Today I decided to upgrade the kernel (gentoo-sources) from 4.19.64 to 5.2.6 on my old ThinkPad X220. Apart from a few hiccups, everything went quite smoothly. I already have a blog post about upgrading the kernel on Gentoo, so I’ll skip many things here.
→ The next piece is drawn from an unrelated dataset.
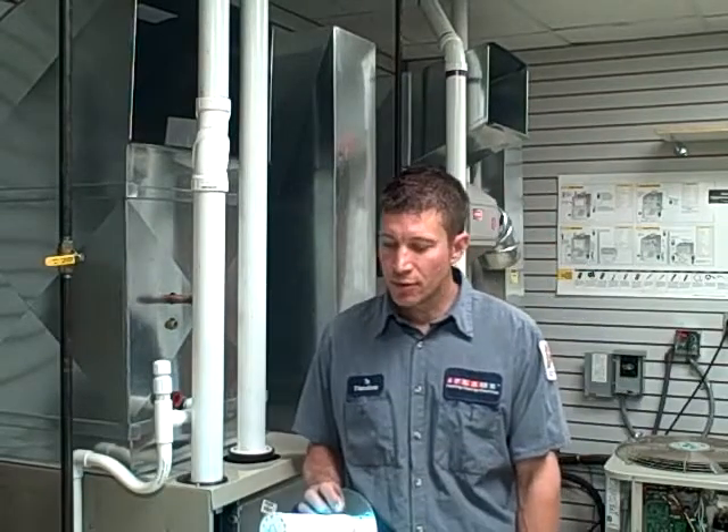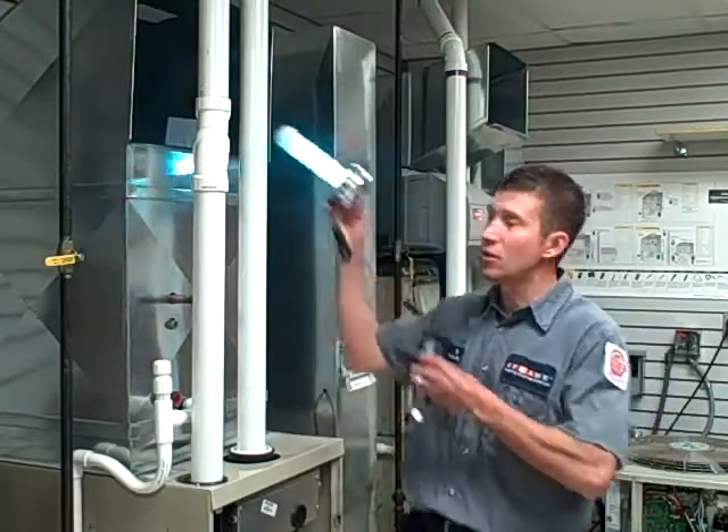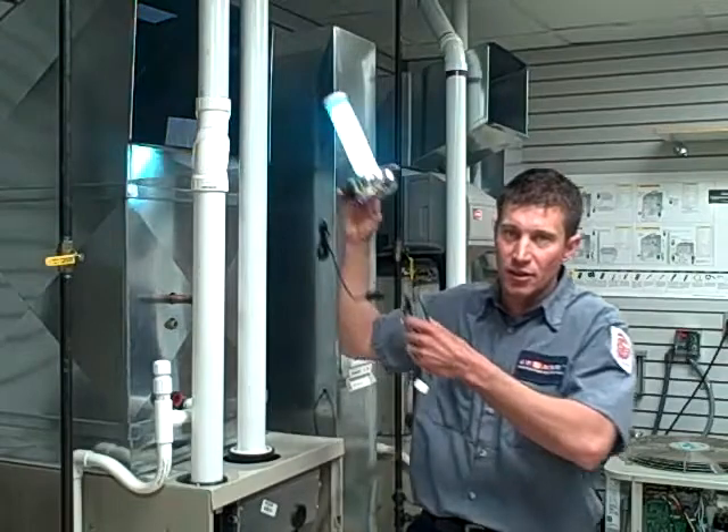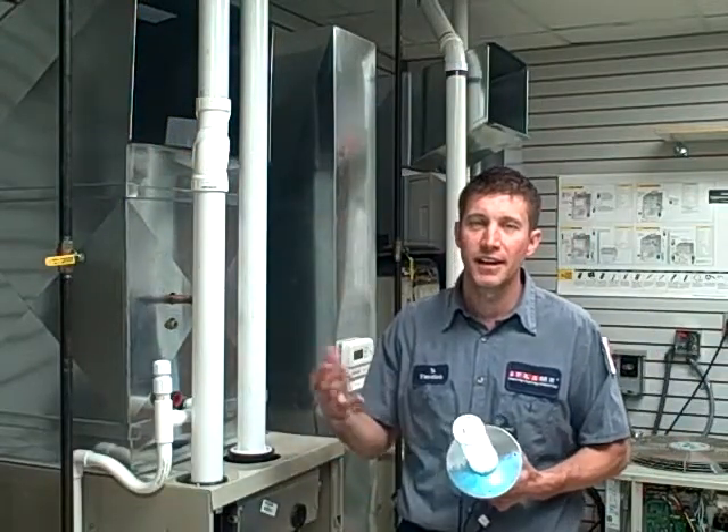Hi, I'm Tim of Flame Furnace Company and today we're going to talk about the Guardian Air Cell by RGF. It's an air treatment that we install into the ductwork, uses the ductwork and the blower from the furnace and air conditioner to circulate and kill 99% of all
First, ensure the sys-kernel/gentoo-sources-5.2.6 is installed:

# emerge -av =sys-kernel/gentoo-sources-5.26

After the above package installed, we should be able to list it:

~ ❯❯❯ eselect kernel list
Available kernel symlink targets:
  [1]   linux-4.14.63-gentoo-r1
  [2]   linux-4.14.65-gentoo
  [3]   linux-4.14.78-gentoo
  [4]   linux-4.14.83-gentoo
  [5]   linux-4.19.27-gentoo-r1
  [6]   linux-4.19.44-gentoo
  [7]   linux-4.19.52-gentoo
  [8]   linux-4.19.57-gentoo
  [9]   linux-4.19.64-gentoo *
  [10]  linux-5.2.6-gentoo

Let’s select linux-5.2.6-gentoo as the version we’d like to switch to:

~ ❯❯❯ eselect kernel set 10

Follow this blog post to continue with installing a kernel on a Gentoon-based machine.

Now, here is the issues I came across: chronyd not starting. As a result there was a noticeable delay when the computer starts up.

For net-misc/chrony, the issue is with the version 3.3 installed on my machine. There is a bug and it should have been fixed in versoin 3.4. However, I opted to install the latest version available: 3.5.

# emerge -av =net-misc/chrony-3.5

The issue with chrony was fixed on the following reboot.